Document Audit Trail
A Document Audit Trail is a series of records of computer events, about an operating system, an application, or user activities. It is generated by an auditing system such as TDOC, that monitors system activity.
A Document Audit Trail allows you to automatically identify changes made to data in your databases – showing you who changed what and when.
Document Audit Trails are important as they allow database administrators to track changes, check specific user’s actions, screen for general security and help companies comply with regulatory requirements.
A Document Audit Trail will allow you to track inserts, updates and deletions.
Document Audit Trails have many uses in the realm of computer security:
- An individual's actions can be tracked in an audit trail allowing users to be personally accountable for their actions. This helps to prevent users from bypassing security policies, and even if they do, they can be held accountable.
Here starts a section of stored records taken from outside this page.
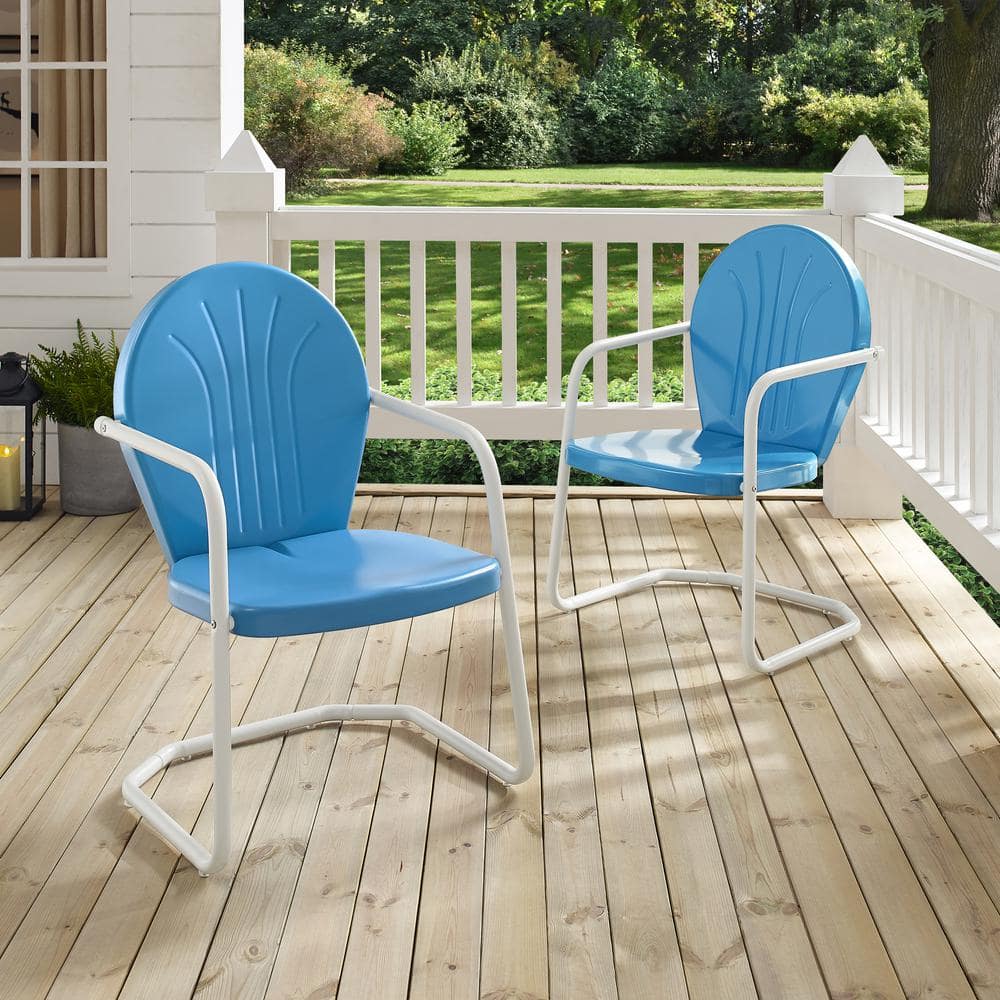 Sky Blue Griffith 34.5'' Sturdy Steel Outdoor Dining Chair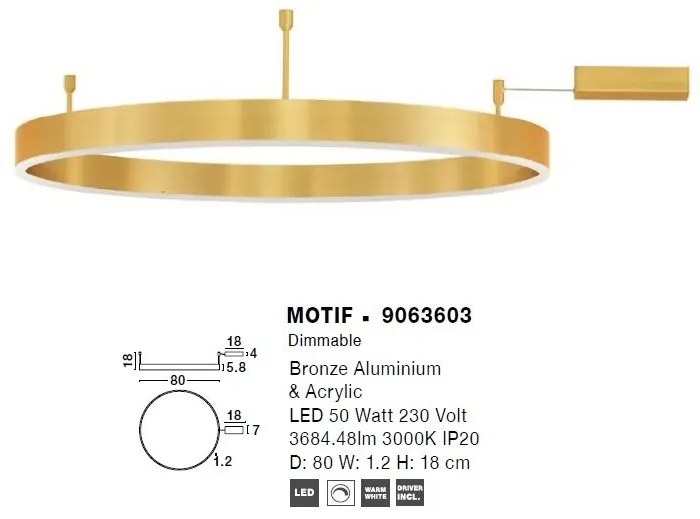 Lustra/Plafoniera LED dimabila design circular MOTIF bronz 80cm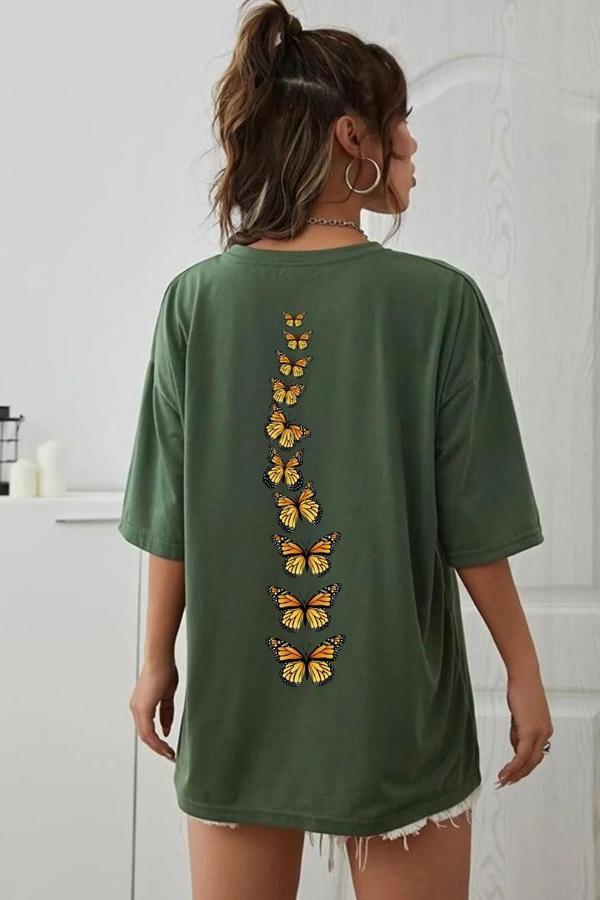 Unisex Sırt Kral Kelebek Baskılı T-shirt - Image 1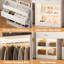 69"-145" W Wooden Closet System With Doors And Drawers(Adjustable Width)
- Document Audit Trails can be used to reconstruct events after a problem has occurred. The amount of damage that occurred with an incident can be assessed by reviewing audit trails of system activity to pinpoint how, when, and why the incident occurred.
- Document Audit Trails can be used as on-line tools to monitor problems as they occur. Such real time monitoring helps in detection of problems like disk failures, over utilization of system resources or network outages.
- Document Audit Trails can help to identify attempts to penetrate a system and gain unauthorized access by recording appropriate events. Determining what events to audit so that audit trails can be used in an effective manner to aid intrusion detection is one of the present research issues being looked into by the research community.
- Document Audit Trails need to be analyzed to determine vulnerabilities, establish accountability, assess damage and recover the system. Manual analysis of audit trails, though time consuming, is often used as the logging mechanisms generate copious amounts of data.